Missing Voices in the Upward Mobility Conversation
Small Businesses Are Caught Between Paying More for Products and Consumer Expectations

Santa Barbara County faces a stark reality: we have the second-highest poverty rate in California, with one in six adults and one in five children living in poverty. Nearly 60 percent of jobs in our county are “non-opportunity” positions with no clear path to a livable wage, including 94 percent of agricultural jobs, 89 percent of food service jobs, and 82 percent of health-care support positions. (See canva.com, pp 23, 35.) As a local small business owner, I was excited to hear ideas at January 24’s Upward Mobility Summit co-hosted at S.B. City College and Alan Hancock College.
The summit began with a powerful keynote from sociologist and author Matthew Desmond that resonated deeply with my observations as a local business owner. Desmond’s work highlights how the consolidation of economic power and systemic labor exploitation perpetuate poverty, explaining why seemingly straightforward solutions like minimum wage increases often fail to create lasting change when underlying power imbalances remain unaddressed.
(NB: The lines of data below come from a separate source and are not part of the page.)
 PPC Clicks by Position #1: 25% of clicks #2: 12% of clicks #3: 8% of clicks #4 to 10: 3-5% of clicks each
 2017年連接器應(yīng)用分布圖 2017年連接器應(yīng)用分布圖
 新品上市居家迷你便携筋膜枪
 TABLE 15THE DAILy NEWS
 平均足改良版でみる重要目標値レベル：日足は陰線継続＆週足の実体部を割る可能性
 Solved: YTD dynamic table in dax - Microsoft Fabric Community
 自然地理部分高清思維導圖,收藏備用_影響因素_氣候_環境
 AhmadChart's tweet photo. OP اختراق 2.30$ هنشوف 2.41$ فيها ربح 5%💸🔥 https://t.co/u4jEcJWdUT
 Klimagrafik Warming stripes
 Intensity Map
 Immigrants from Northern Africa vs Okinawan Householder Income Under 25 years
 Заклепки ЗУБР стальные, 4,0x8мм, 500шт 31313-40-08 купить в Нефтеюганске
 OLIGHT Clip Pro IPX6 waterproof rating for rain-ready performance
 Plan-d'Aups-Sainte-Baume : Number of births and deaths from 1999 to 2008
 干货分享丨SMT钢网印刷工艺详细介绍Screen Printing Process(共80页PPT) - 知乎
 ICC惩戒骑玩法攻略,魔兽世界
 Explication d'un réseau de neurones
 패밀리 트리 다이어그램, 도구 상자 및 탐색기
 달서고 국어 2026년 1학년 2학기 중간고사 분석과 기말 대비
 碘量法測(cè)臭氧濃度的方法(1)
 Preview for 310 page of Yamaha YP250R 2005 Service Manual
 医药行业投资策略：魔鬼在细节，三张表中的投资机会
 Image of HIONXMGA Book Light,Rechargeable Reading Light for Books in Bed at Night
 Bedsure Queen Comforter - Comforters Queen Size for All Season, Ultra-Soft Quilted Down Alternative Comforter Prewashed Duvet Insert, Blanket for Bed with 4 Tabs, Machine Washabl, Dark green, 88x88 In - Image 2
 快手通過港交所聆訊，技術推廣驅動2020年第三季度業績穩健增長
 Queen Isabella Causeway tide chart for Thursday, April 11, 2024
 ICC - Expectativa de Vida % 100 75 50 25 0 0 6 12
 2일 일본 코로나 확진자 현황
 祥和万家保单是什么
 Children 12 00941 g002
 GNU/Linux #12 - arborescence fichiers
This concentration of power didn’t happen by accident. For decades, government has allowed consolidated economic interests to write rules that continually increase the advantage of the largest — not just over workers, but over small, independent businesses. Through policy decisions and regulatory changes, large corporations have gained unprecedented control over markets, while programs intended to help workers often end up primarily benefiting these same powerful interests. When undercompensated workers do achieve gains such as minimum wage increases, there is little to prevent the economically powerful from “extracting” those gains through opportunistic increases in costs of goods and services that workers need to fulfill their basic needs.